For dinner, Chop in Sister Bay is a warm, refined steakhouse that fits the season perfectly. Barringer’s in Fish Creek covers seafood and cocktails with skill. Dal Santo’s in Sturgeon Bay is the right call for Italian. And Crate in Sturgeon Bay does sushi that will genuinely surprise you. Our Door County restaurant guide has more options across the peninsula.
The fish boil is the most Door County thing you can do at any time of year, and Easter weekend is a great opportunity to experience it for the first time or the fifteenth. Pelletier’s Restaurant and Fish Boil in Fish Creek runs the tradition with multiple nightly seatings when they’re in season. Locally caught whitefish, baby red potatoes, and onions boiled over an open fire, finished with a spectacular kerosene-fueled boil-over, and served with Door County cherry pie. Call ahead to confirm availability over the holiday weekend. The White Gull Inn in Fish Creek is another classic that’s been doing the fish boil tradition properly for over a century. We also have a full breakdown of Door County fish boils if you’ve never been to one and want to know what you’re getting into.
Don’t skip a Friday fish fry if you’re there on Good Friday. Sister Bay Bowl is a genuine local institution with one of the best fish frys on the peninsula and a room that has exactly the supper club warmth Wisconsin does better than anywhere else.
Art, Museums, and Wandering
Easter weekend falls at a good time for the arts in Door County. The Miller Art Museum in Sturgeon Bay is open year-round, free to visit, and always worth your time. This year’s 52nd Annual Salon of Door County High School Art opens April 4, the day before Easter Sunday, making the holiday weekend a particularly good moment to stop in. The museum holds the world’s largest collection of work by Gerhard C.F. Miller alongside an extensive rotating collection of regional Wisconsin art. It’s located inside the Door County Library in downtown Sturgeon Bay, parking is free, and you can easily make a morning of it.
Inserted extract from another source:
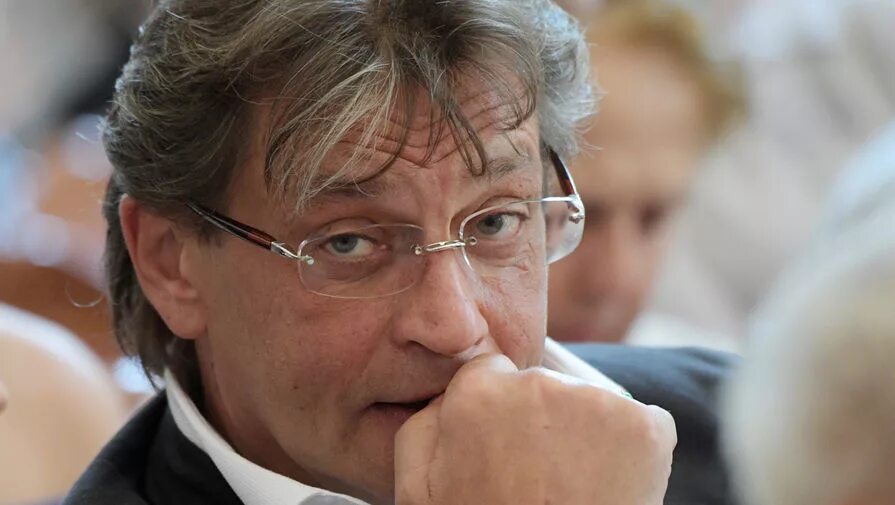 Александр домогаров фото Домогаров - о конфликте с руководством Театра Моссовета: я хочу крови - Газета.R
Sturgeon Bay itself is the right town for an early April day. More of it stays open year-round than the northern villages, it has a working waterfront character all its own, and it rewards slow wandering. Walk the steel bridge. Look at the shipyard. Find somewhere warm for lunch. Our Sturgeon Bay guide has more of what’s worth your time down there.
The Honest Pitch
The reason to spend Easter in Door County isn’t any single event or attraction. It’s the cumulative effect of being somewhere genuinely beautiful when it isn’t performing for an audience. The lake is still half-wild. The towns are quiet enough that you feel like you found something. The people who live here year-round are out and around, which is its own kind of reward.
Bring real winter gear. The peninsula sits between Green Bay and Lake Michigan, and that water keeps temperatures cold well into April. Layers are not optional. Neither are waterproof boots if you’re planning to hike, which you should be.
But go. Do the egg hunt in Baileys Harbor. Stand at Cave Point when the waves are up. Get the Swedish pancakes at Al Johnson’s. Sit somewhere warm after dinner and feel the particular satisfaction of a place that doesn’t need good weather to be worth it.
Door County in April earns every bit of it.